The mouse monoclonal anti-Kir4.1 antibody (Cat# H00003766-M01) was purchased from Novus Biologicals. This IgG2a Kappa antibody was raised against a KCNJ10 (NP_002232, 276 a.a. ∼ 380 a.a.) partial recombinant protein with GST tag (DFELVLILSGTVESTSATCQVRTSYLPEEILWGYEFTPAISLSASGKYIADFSLFDQ VVKVASPSGLRDSTVRYGDPEKLKLEESLREQAEKEGSALSVRISNV*), and was verified by recombinant proteins with GST tag on ELISA and Western blot (Novus manufacturer's technical information) and mouse cochlear tissues (Singh and Wangemann, 2008). The GST tag alone was used as a negative control. Single band was visible at 37.5 kDa in the blot. The rabbit anti-mouse Prestin antibody (a gift from Dr. Jing Zheng at the Northwestern University) is a polyclonal antibody raised against a synthetic oligopeptide derived from the C-terminus of mouse prestin (TASLPQEDMEPNATPTTPEA) (Matsuda et al., 2004). The specificity of the antibody to prestin was proved by Western blot and knockout mouse tissues. Only single band at ∼ 80 kDa and oligomeric bands were visible in the Western blot of the cochlear tissues and no reaction was found in the Western blot and immunofluorescent staining of the prestin knockout mouse cochlea (Matsuda et al., 2004; Zheng et al., 2006; Yu et al., 2008).

Pannexin Western blotting

As previously reported (Yu et al., 2008), the whole cochlea and brain tissues were homogenized and lysed in the lysis buffer (10 mM Tris, 100 mM NaCl, 2 mM EDTA, 0.1% SDS, 1% Triton X100) supplemented with phenylmethylsulfonyl fluoride (PMSF 100 μg/ml) and a protease inhibitor cocktail (1:50, P8340, Sigma-Aldrich, St. Louis MO). Tissue lysates were centrifuged at 3,000 g, at 4°C for 5 min. The supernatant was collected and boiled with Laemmli loading buffer (Bio-Rad, Hercules, CA) supplemented with β-mercaptoethanol (0.7 mM) for 5 min. Then, 50 μg of protein per well was loaded onto the 10% SDS-polyAcrylamide gel. After electrophoresis, the gel proteins were electrotransferred onto an immuno-blot PVDF membrane. The membrane was blocked with 10% non-fat dry milk and 5% fetal bovine serum, and incubated overnight at 4°C with primary antibody to Panx1 (1:1,000, chicken anti-human Panx1), Panx2 (1:2,000, rabbit anti-human Panx2), or Panx3 (1:7,000, rabbit anti-mouse Panx3). After being washed with PBST (0.1M PBS, 0.1% Tween-20), the membrane was incubated with HRP-conjugated goat anti-chicken or goat anti-rabbit antibody (1:2,000; Molecular Probes) in PBS with 10% non-fat dry milk and 5% fetal bovine serum. Finally, after being thoroughly washed with PBST, the membrane was developed with Enhanced Chemiluminescence (ECL) substrate (Pierce, Rockford, IL) for 2 min. The ECL signal was exposed to X-ray film. The blots were scanned, digitalized, and analyzed by UN-SCAN-IT blotting analysis software (Silk Scientific Corp. Utah) (Yu et al., 2008).

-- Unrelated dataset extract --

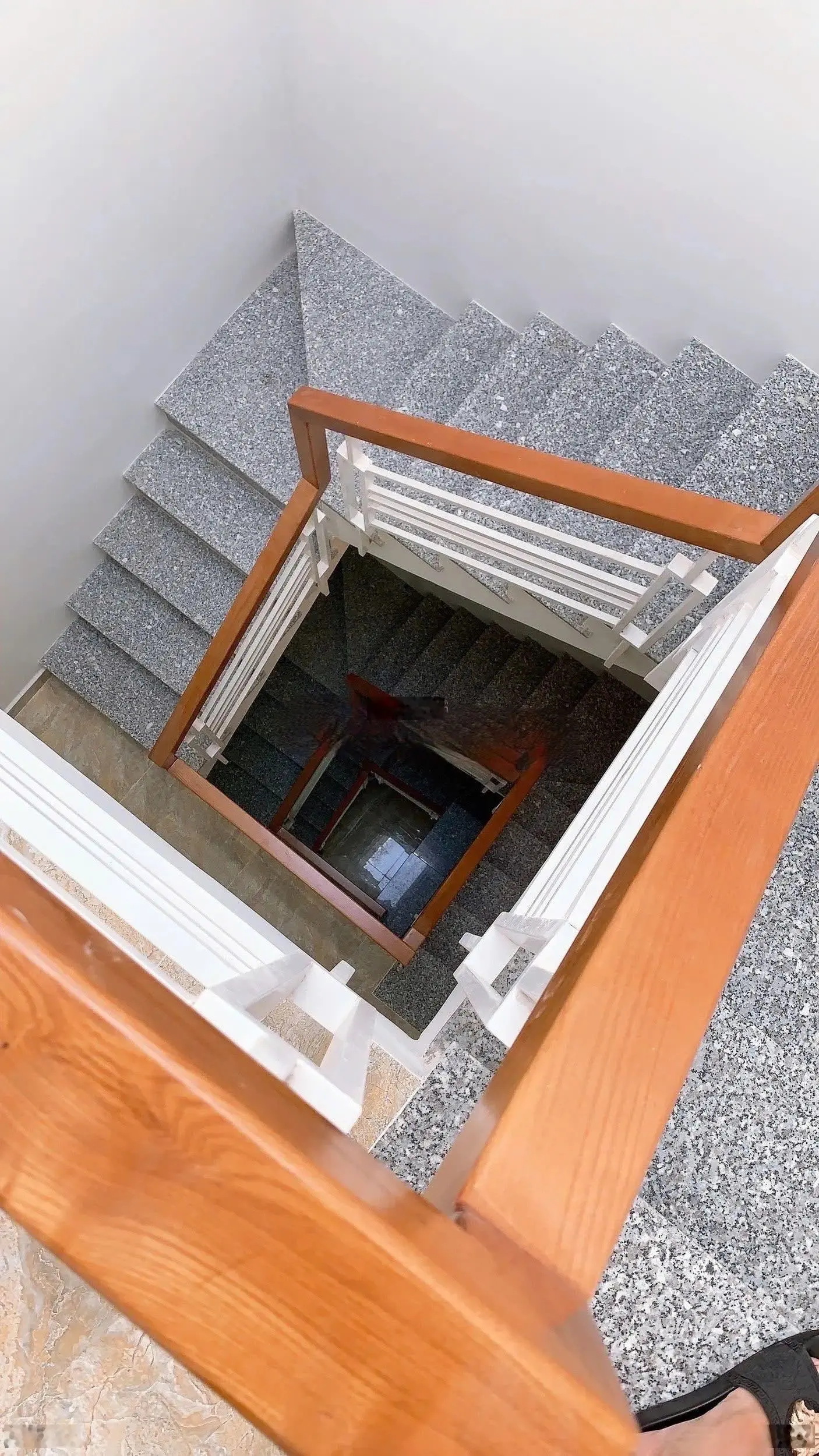 Bán căn nhà gần BV Bệnh Nhiệt Đới 40m2 Phan Văn Trị, P2, Q5. Có sổ hồng sẵn, hẻm oto 7m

For re-probing for GAPDH in the peptide-absorption assay, the membrane was washed with PBST for 10 min two times, blocked with 10% non-fat dry milk and 5% fetal bovine serum for 1 h at room temperature, and re-blotted with mouse GAPDH monoclonal antibody (1:1,000, MMS-580S, Covance, CA) and goat anti-mousse secondary antibody following the immunoblotting detection procedure as described above (Yu et al., 2008).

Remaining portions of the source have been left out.